Work request -> All of the records listed below should be retyped exactly.

Provided material ->
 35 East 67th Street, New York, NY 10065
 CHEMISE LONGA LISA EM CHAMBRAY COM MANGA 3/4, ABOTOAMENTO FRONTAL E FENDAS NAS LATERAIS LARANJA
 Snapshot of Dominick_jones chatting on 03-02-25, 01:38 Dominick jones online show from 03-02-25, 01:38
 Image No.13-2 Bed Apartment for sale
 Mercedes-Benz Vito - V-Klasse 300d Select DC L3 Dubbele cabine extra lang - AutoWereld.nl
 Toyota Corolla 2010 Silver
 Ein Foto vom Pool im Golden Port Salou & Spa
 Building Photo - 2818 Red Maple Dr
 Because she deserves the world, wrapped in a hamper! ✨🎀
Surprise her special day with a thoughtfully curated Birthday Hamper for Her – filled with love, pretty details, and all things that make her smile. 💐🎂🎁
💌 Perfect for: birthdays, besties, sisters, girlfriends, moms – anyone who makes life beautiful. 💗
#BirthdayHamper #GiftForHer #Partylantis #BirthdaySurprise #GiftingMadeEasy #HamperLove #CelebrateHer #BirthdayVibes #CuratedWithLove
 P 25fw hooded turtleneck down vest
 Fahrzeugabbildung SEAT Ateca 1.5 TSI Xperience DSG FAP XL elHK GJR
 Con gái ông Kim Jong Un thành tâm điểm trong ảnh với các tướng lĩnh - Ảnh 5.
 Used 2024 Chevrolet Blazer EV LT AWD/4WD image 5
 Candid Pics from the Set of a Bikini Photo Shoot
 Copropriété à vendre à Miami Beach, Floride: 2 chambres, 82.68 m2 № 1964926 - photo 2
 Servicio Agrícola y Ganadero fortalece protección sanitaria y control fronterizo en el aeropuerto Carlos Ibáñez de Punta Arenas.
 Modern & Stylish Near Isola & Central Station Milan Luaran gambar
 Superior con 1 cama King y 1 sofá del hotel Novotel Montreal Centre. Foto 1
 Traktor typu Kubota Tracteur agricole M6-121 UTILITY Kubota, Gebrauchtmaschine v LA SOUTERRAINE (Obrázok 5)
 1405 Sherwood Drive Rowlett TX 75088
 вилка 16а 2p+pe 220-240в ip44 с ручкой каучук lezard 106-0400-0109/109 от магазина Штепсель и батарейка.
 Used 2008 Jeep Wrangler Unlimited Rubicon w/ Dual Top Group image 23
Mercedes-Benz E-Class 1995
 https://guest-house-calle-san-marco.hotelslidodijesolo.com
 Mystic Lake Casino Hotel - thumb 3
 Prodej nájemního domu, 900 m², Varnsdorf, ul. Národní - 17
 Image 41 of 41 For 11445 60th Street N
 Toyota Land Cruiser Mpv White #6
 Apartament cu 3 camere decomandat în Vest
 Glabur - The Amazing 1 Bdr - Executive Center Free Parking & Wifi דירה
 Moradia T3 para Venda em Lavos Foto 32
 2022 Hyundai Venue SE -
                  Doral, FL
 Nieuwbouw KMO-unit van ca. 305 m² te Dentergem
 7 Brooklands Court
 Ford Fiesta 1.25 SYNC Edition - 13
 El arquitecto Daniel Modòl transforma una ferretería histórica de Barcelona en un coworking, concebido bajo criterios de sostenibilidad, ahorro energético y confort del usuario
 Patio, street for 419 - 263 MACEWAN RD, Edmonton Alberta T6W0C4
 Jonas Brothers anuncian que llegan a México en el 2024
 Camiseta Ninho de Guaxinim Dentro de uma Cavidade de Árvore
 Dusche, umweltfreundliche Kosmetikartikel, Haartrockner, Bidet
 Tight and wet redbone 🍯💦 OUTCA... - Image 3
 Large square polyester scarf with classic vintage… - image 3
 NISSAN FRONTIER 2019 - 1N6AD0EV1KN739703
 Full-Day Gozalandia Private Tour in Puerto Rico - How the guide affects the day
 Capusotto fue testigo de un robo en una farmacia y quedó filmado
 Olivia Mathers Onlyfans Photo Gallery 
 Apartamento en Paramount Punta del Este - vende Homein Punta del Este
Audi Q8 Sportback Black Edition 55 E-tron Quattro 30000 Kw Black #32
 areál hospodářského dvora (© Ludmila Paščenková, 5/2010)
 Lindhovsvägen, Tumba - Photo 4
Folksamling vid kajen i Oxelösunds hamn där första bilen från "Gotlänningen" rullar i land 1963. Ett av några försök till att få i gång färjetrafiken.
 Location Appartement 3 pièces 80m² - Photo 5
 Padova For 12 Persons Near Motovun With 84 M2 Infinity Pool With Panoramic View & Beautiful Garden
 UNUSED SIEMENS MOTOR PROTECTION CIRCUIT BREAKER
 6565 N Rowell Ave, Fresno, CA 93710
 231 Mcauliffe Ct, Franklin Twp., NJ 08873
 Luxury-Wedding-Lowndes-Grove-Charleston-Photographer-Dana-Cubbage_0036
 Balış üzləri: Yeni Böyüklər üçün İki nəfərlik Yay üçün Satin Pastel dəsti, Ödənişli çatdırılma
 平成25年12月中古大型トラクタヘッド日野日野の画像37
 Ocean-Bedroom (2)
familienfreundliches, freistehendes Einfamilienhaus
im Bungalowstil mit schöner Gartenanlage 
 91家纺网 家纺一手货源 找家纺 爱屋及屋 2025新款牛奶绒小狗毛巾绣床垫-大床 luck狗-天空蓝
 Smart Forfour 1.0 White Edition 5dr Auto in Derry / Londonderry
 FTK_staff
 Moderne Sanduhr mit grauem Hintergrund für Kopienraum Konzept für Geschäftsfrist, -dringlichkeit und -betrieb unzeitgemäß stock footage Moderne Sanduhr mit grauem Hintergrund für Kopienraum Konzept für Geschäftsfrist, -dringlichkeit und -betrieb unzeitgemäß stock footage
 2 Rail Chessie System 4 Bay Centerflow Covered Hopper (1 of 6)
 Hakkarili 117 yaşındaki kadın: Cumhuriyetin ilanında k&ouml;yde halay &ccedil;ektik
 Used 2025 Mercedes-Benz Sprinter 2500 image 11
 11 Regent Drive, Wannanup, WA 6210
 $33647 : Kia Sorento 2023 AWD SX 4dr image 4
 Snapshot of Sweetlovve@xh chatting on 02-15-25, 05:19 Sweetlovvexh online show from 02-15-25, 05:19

Exercise result ->
 35 East 67th Street, New York, NY 10065
 CHEMISE LONGA LISA EM CHAMBRAY COM MANGA 3/4, ABOTOAMENTO FRONTAL E FENDAS NAS LATERAIS LARANJA
 Snapshot of Dominick_jones chatting on 03-02-25, 01:38 Dominick jones online show from 03-02-25, 01:38
 Image No.13-2 Bed Apartment for sale
 Mercedes-Benz Vito - V-Klasse 300d Select DC L3 Dubbele cabine extra lang - AutoWereld.nl
 Toyota Corolla 2010 Silver
 Ein Foto vom Pool im Golden Port Salou & Spa
 Building Photo - 2818 Red Maple Dr
 Because she deserves the world, wrapped in a hamper! ✨🎀
Surprise her special day with a thoughtfully curated Birthday Hamper for Her – filled with love, pretty details, and all things that make her smile. 💐🎂🎁
💌 Perfect for: birthdays, besties, sisters, girlfriends, moms – anyone who makes life beautiful. 💗
#BirthdayHamper #GiftForHer #Partylantis #BirthdaySurprise #GiftingMadeEasy #HamperLove #CelebrateHer #BirthdayVibes #CuratedWithLove
 P 25fw hooded turtleneck down vest
 Fahrzeugabbildung SEAT Ateca 1.5 TSI Xperience DSG FAP XL elHK GJR
 Con gái ông Kim Jong Un thành tâm điểm trong ảnh với các tướng lĩnh - Ảnh 5.
 Used 2024 Chevrolet Blazer EV LT AWD/4WD image 5
 Candid Pics from the Set of a Bikini Photo Shoot
 Copropriété à vendre à Miami Beach, Floride: 2 chambres, 82.68 m2 № 1964926 - photo 2
 Servicio Agrícola y Ganadero fortalece protección sanitaria y control fronterizo en el aeropuerto Carlos Ibáñez de Punta Arenas.
 Modern & Stylish Near Isola & Central Station Milan Luaran gambar
 Superior con 1 cama King y 1 sofá del hotel Novotel Montreal Centre. Foto 1
 Traktor typu Kubota Tracteur agricole M6-121 UTILITY Kubota, Gebrauchtmaschine v LA SOUTERRAINE (Obrázok 5)
 1405 Sherwood Drive Rowlett TX 75088
 вилка 16а 2p+pe 220-240в ip44 с ручкой каучук lezard 106-0400-0109/109 от магазина Штепсель и батарейка.
 Used 2008 Jeep Wrangler Unlimited Rubicon w/ Dual Top Group image 23
Mercedes-Benz E-Class 1995
 https://guest-house-calle-san-marco.hotelslidodijesolo.com
 Mystic Lake Casino Hotel - thumb 3
 Prodej nájemního domu, 900 m², Varnsdorf, ul. Národní - 17
 Image 41 of 41 For 11445 60th Street N
 Toyota Land Cruiser Mpv White #6
 Apartament cu 3 camere decomandat în Vest
 Glabur - The Amazing 1 Bdr - Executive Center Free Parking & Wifi דירה
 Moradia T3 para Venda em Lavos Foto 32
 2022 Hyundai Venue SE -
                  Doral, FL
 Nieuwbouw KMO-unit van ca. 305 m² te Dentergem
 7 Brooklands Court
 Ford Fiesta 1.25 SYNC Edition - 13
 El arquitecto Daniel Modòl transforma una ferretería histórica de Barcelona en un coworking, concebido bajo criterios de sostenibilidad, ahorro energético y confort del usuario
 Patio, street for 419 - 263 MACEWAN RD, Edmonton Alberta T6W0C4
 Jonas Brothers anuncian que llegan a México en el 2024
 Camiseta Ninho de Guaxinim Dentro de uma Cavidade de Árvore
 Dusche, umweltfreundliche Kosmetikartikel, Haartrockner, Bidet
 Tight and wet redbone 🍯💦 OUTCA... - Image 3
 Large square polyester scarf with classic vintage… - image 3
 NISSAN FRONTIER 2019 - 1N6AD0EV1KN739703
 Full-Day Gozalandia Private Tour in Puerto Rico - How the guide affects the day
 Capusotto fue testigo de un robo en una farmacia y quedó filmado
 Olivia Mathers Onlyfans Photo Gallery 
 Apartamento en Paramount Punta del Este - vende Homein Punta del Este
Audi Q8 Sportback Black Edition 55 E-tron Quattro 30000 Kw Black #32
 areál hospodářského dvora (© Ludmila Paščenková, 5/2010)
 Lindhovsvägen, Tumba - Photo 4
Folksamling vid kajen i Oxelösunds hamn där första bilen från "Gotlänningen" rullar i land 1963. Ett av några försök till att få i gång färjetrafiken.
 Location Appartement 3 pièces 80m² - Photo 5
 Padova For 12 Persons Near Motovun With 84 M2 Infinity Pool With Panoramic View & Beautiful Garden
 UNUSED SIEMENS MOTOR PROTECTION CIRCUIT BREAKER
 6565 N Rowell Ave, Fresno, CA 93710
 231 Mcauliffe Ct, Franklin Twp., NJ 08873
 Luxury-Wedding-Lowndes-Grove-Charleston-Photographer-Dana-Cubbage_0036
 Balış üzləri: Yeni Böyüklər üçün İki nəfərlik Yay üçün Satin Pastel dəsti, Ödənişli çatdırılma
 平成25年12月中古大型トラクタヘッド日野日野の画像37
 Ocean-Bedroom (2)
familienfreundliches, freistehendes Einfamilienhaus
im Bungalowstil mit schöner Gartenanlage 
 91家纺网 家纺一手货源 找家纺 爱屋及屋 2025新款牛奶绒小狗毛巾绣床垫-大床 luck狗-天空蓝
 Smart Forfour 1.0 White Edition 5dr Auto in Derry / Londonderry
 FTK_staff
 Moderne Sanduhr mit grauem Hintergrund für Kopienraum Konzept für Geschäftsfrist, -dringlichkeit und -betrieb unzeitgemäß stock footage Moderne Sanduhr mit grauem Hintergrund für Kopienraum Konzept für Geschäftsfrist, -dringlichkeit und -betrieb unzeitgemäß stock footage
 2 Rail Chessie System 4 Bay Centerflow Covered Hopper (1 of 6)
 Hakkarili 117 yaşındaki kadın: Cumhuriyetin ilanında k&ouml;yde halay &ccedil;ektik
 Used 2025 Mercedes-Benz Sprinter 2500 image 11
 11 Regent Drive, Wannanup, WA 6210
 $33647 : Kia Sorento 2023 AWD SX 4dr image 4
 Snapshot of Sweetlovve@xh chatting on 02-15-25, 05:19 Sweetlovvexh online show from 02-15-25, 05:19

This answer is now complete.